• _Directions for this task_:
Each entry should be written out again exactly, so that nothing is lost.

Short web captions:
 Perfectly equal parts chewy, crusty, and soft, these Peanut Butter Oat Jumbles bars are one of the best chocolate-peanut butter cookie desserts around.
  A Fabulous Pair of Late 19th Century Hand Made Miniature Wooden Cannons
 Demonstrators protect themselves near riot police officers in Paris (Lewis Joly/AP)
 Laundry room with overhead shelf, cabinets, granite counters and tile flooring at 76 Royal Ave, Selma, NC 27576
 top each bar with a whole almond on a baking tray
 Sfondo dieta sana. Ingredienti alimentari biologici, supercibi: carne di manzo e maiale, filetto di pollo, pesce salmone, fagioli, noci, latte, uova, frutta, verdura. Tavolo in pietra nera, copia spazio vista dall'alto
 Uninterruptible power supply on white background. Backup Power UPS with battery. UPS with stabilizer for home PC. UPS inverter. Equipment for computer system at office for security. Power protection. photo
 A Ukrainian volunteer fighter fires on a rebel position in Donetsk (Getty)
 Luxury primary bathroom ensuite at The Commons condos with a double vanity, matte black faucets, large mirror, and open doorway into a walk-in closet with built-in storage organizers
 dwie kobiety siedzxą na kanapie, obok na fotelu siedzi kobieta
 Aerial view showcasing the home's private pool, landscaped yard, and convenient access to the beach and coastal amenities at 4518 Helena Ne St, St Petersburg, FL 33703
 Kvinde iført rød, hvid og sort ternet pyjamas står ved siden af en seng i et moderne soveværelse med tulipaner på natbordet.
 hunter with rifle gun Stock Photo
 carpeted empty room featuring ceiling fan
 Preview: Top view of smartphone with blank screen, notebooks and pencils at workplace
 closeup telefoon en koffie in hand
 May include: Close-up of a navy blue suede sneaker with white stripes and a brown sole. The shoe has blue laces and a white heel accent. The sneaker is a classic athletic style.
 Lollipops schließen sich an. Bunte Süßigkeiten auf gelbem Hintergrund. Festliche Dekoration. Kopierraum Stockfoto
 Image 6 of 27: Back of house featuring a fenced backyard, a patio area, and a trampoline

• _Answer box_:
 Perfectly equal parts chewy, crusty, and soft, these Peanut Butter Oat Jumbles bars are one of the best chocolate-peanut butter cookie desserts around.
  A Fabulous Pair of Late 19th Century Hand Made Miniature Wooden Cannons
 Demonstrators protect themselves near riot police officers in Paris (Lewis Joly/AP)
 Laundry room with overhead shelf, cabinets, granite counters and tile flooring at 76 Royal Ave, Selma, NC 27576
 top each bar with a whole almond on a baking tray
 Sfondo dieta sana. Ingredienti alimentari biologici, supercibi: carne di manzo e maiale, filetto di pollo, pesce salmone, fagioli, noci, latte, uova, frutta, verdura. Tavolo in pietra nera, copia spazio vista dall'alto
 Uninterruptible power supply on white background. Backup Power UPS with battery. UPS with stabilizer for home PC. UPS inverter. Equipment for computer system at office for security. Power protection. photo
 A Ukrainian volunteer fighter fires on a rebel position in Donetsk (Getty)
 Luxury primary bathroom ensuite at The Commons condos with a double vanity, matte black faucets, large mirror, and open doorway into a walk-in closet with built-in storage organizers
 dwie kobiety siedzxą na kanapie, obok na fotelu siedzi kobieta
 Aerial view showcasing the home's private pool, landscaped yard, and convenient access to the beach and coastal amenities at 4518 Helena Ne St, St Petersburg, FL 33703
 Kvinde iført rød, hvid og sort ternet pyjamas står ved siden af en seng i et moderne soveværelse med tulipaner på natbordet.
 hunter with rifle gun Stock Photo
 carpeted empty room featuring ceiling fan
 Preview: Top view of smartphone with blank screen, notebooks and pencils at workplace
 closeup telefoon en koffie in hand
 May include: Close-up of a navy blue suede sneaker with white stripes and a brown sole. The shoe has blue laces and a white heel accent. The sneaker is a classic athletic style.
 Lollipops schließen sich an. Bunte Süßigkeiten auf gelbem Hintergrund. Festliche Dekoration. Kopierraum Stockfoto
 Image 6 of 27: Back of house featuring a fenced backyard, a patio area, and a trampoline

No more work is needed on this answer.